Vintage Glass Doorknobs
Construction and failure mechanisms

I recently moved into an older house, built in the late 1920s. As I've started working my way through repairs and restorations, finding helpful resources on how to repair glass knobs that have come loose in their shank has been somewhere between difficult and impossible. On the decidedly less-helpful side are articles like this one, from This Old House, which definitively claim that the problem is unfixable. Others, like the DIY StackExchange, have had more helpful suggestions. But most of the discussion has been around how to fix the immediate problem, and not what causes it to occur, or why a given fix is likely to work or fail over time.

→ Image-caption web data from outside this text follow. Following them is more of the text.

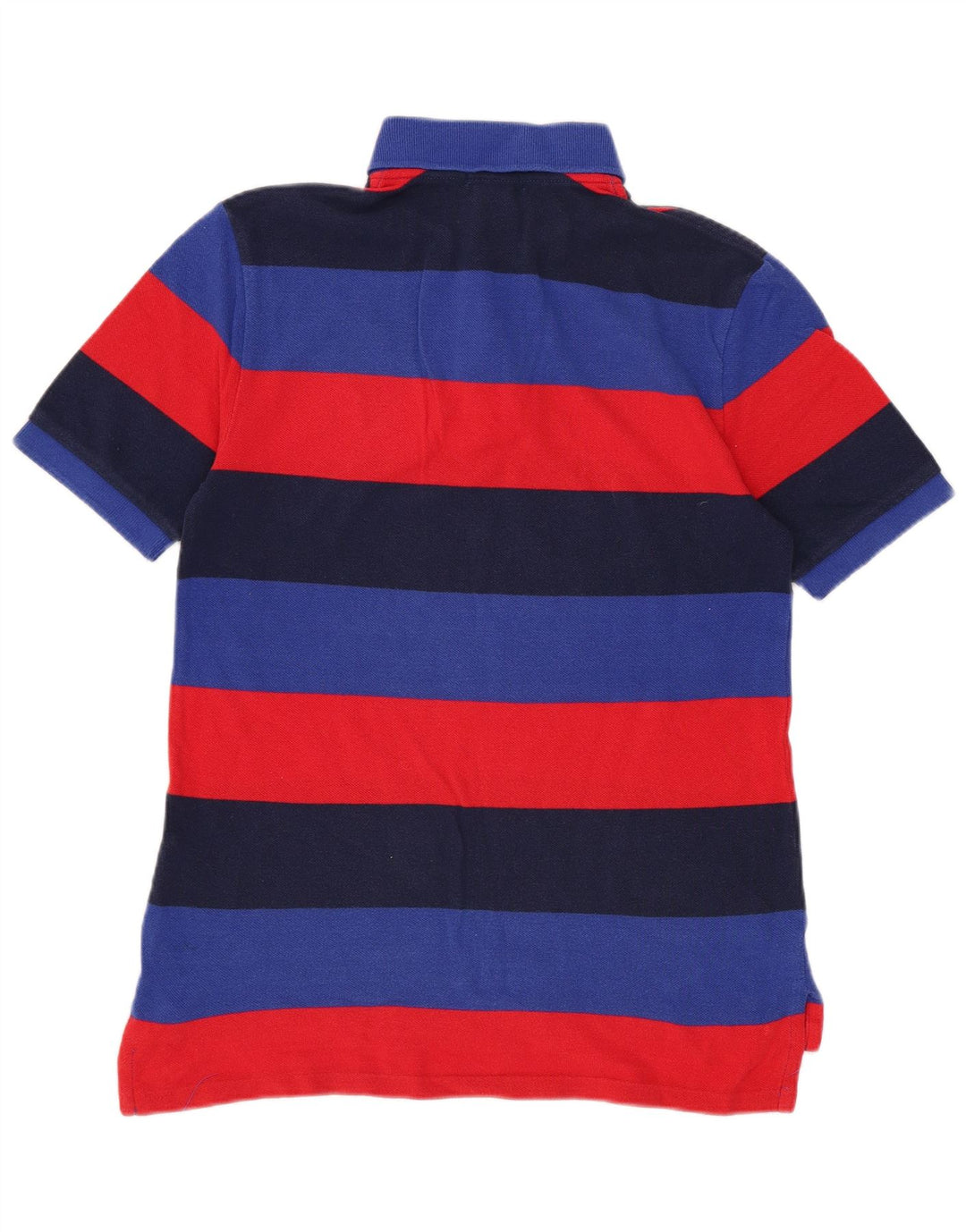 Polo Ralph Lauren Polo Garçon 10-11 ans Rayé Multicolore Moyen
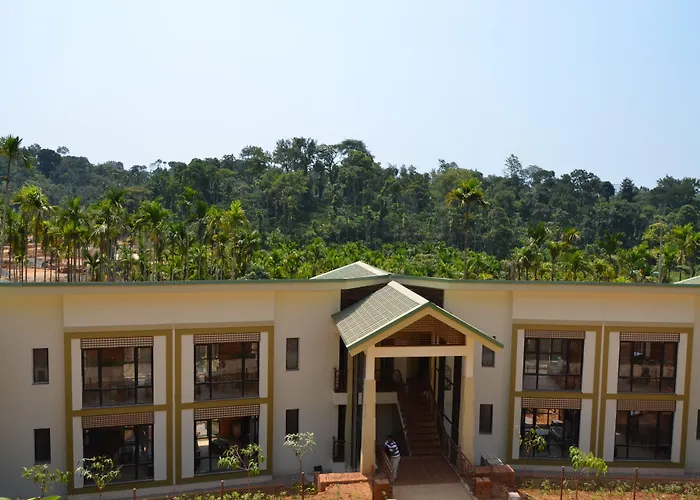 Club Mahindra Virajpet, Coorg
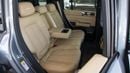 BYD Leopard 5 Navigator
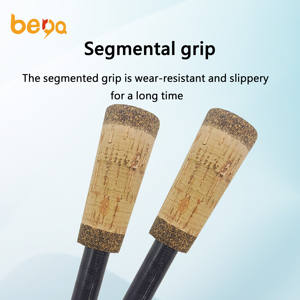 Carbon Road subpole M <span class=keywords><strong>Tune</strong></span> Joint Rod punta Punta Negra caña de pescar caña de fundición - Product Image 5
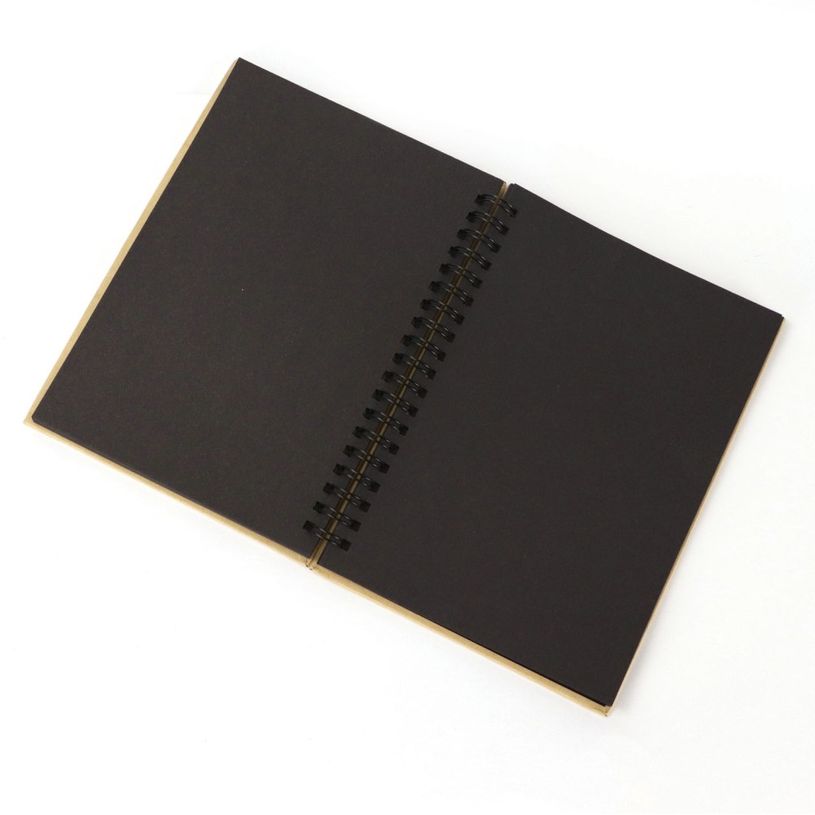 3532435181865-Graine Creative - cahier de notes - 40 feuilles - 18 x 24 cm - papier kraft -P_405132953_2-1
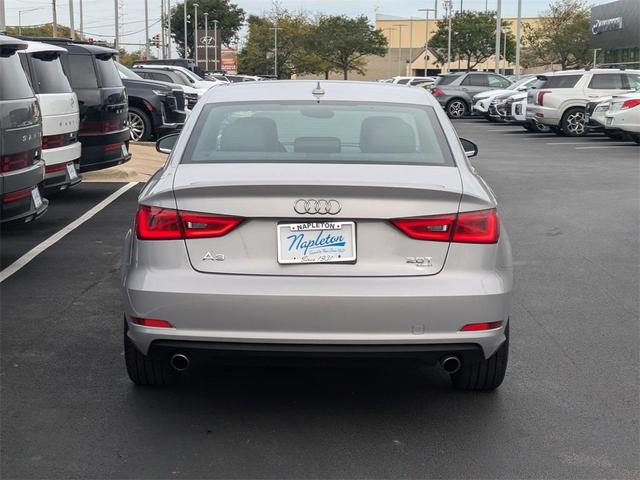 2015 audi a3 2.0t premium plus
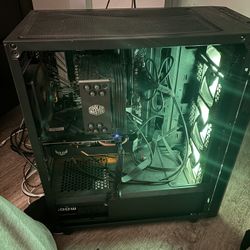 Gaming Pc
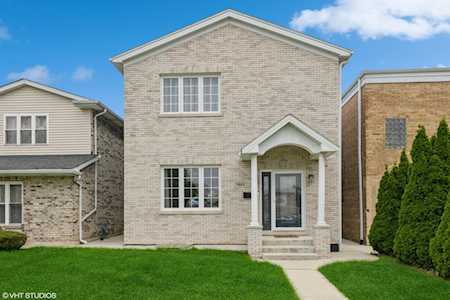 1803 N 35th Ave Stone Park,  IL 60165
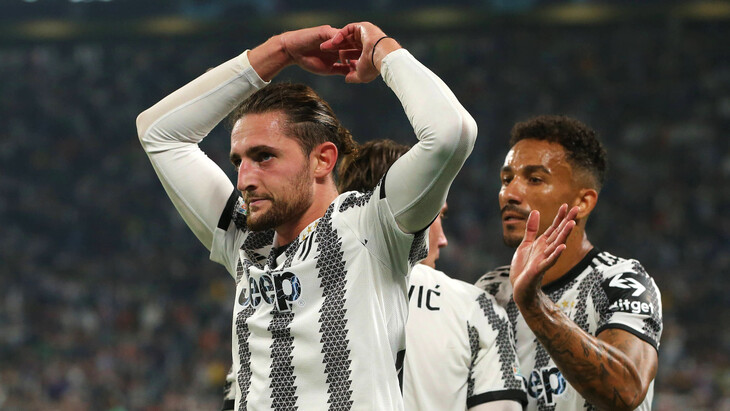 Фрагмент матча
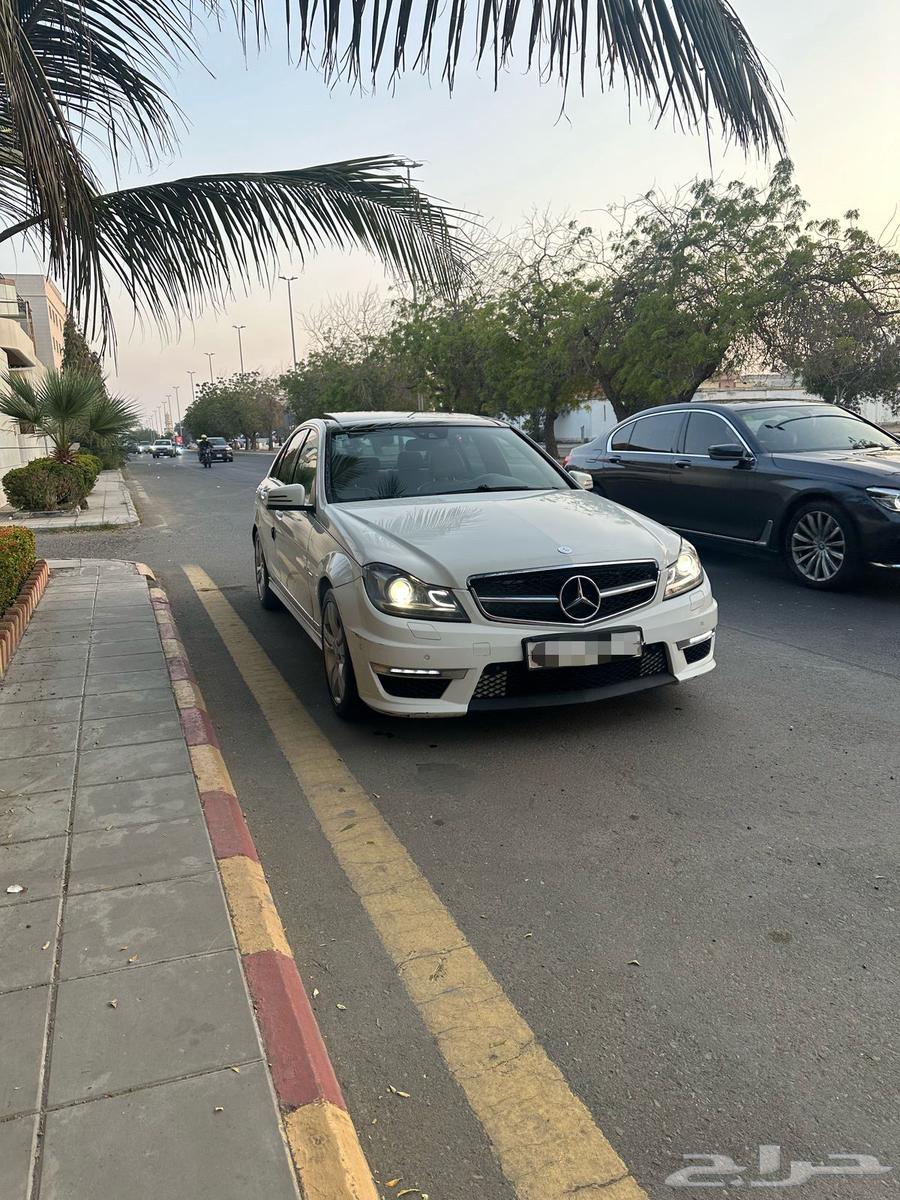 Mercedes C200 201263210939715330112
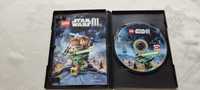 Gra pc. LEGO star wars 3 the clone wars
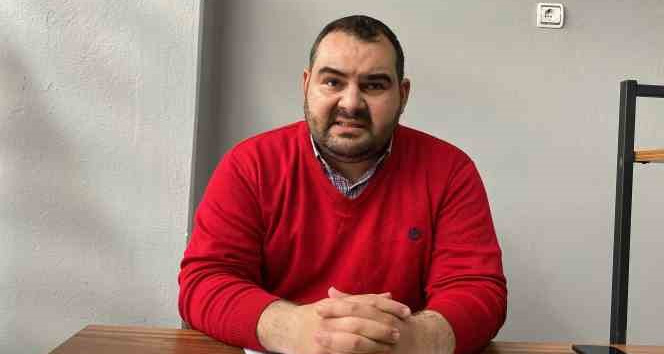 CHP’li Başkan Yardımcısı Ulusoy gazeteciye hakaretten hapis cezası aldı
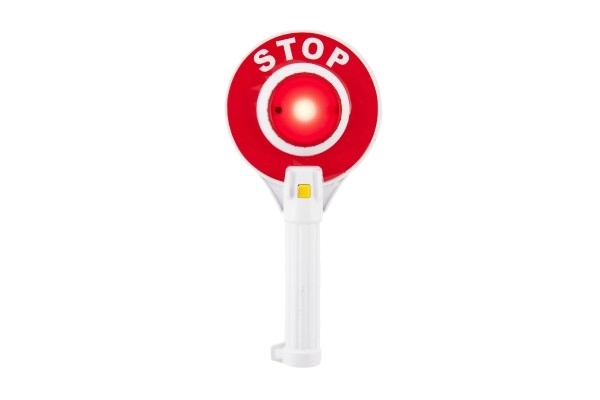 Policijska lollipopka 23cm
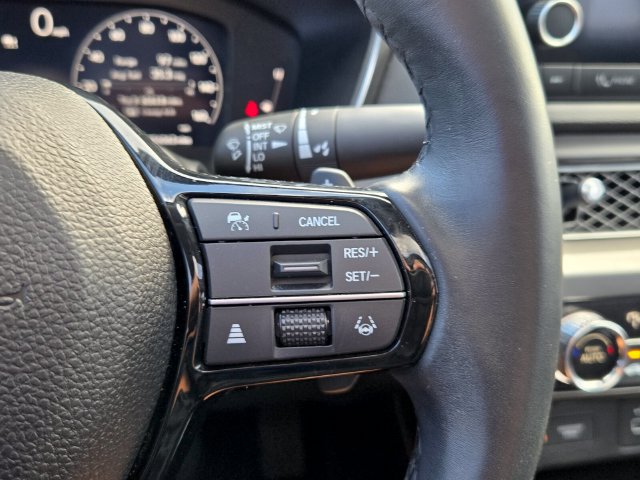 2024 Acura Integra Base - Photo 24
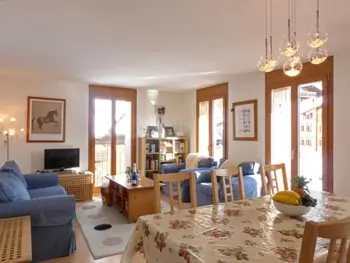 Wohnung in Wengen,Eden Apt.D CH3823.18.1 N°456603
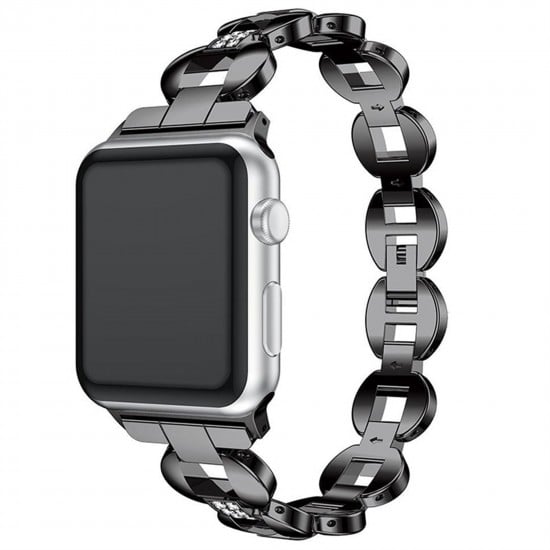 Callancity Repalcement Watch Band For Apple Smart Watch Birthday Gift For Women / Men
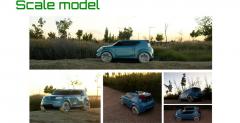 Volkswagen Rocky
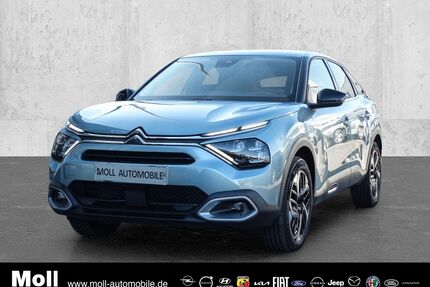 Citroen C4 Gebrauchtwagen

Construction of Glass Knobs

Short of actually disassembling a glass knob (not recommended, you're unlikely to be able to reassemble it again afterwards), there is little easily available relating to the construction of these doorknobs. If we go back to US Patent Number 1,059,659 for the Glass-knob shank, most older homes in the US will have knobs that were manufactured in a way similar to what is described there.

The inventor describes four major components to the glass knob:

  • The glass knob itself, with a small foot protruding out along the bottom rim (Fig 1, numeral 1 in the image below);
  • A solid metal plug (Fig 3) which the spindle attaches to;
  • An annular ring with lugs (Fig 4); and
  • A pressed metal shank which encloses the above (Fig 2).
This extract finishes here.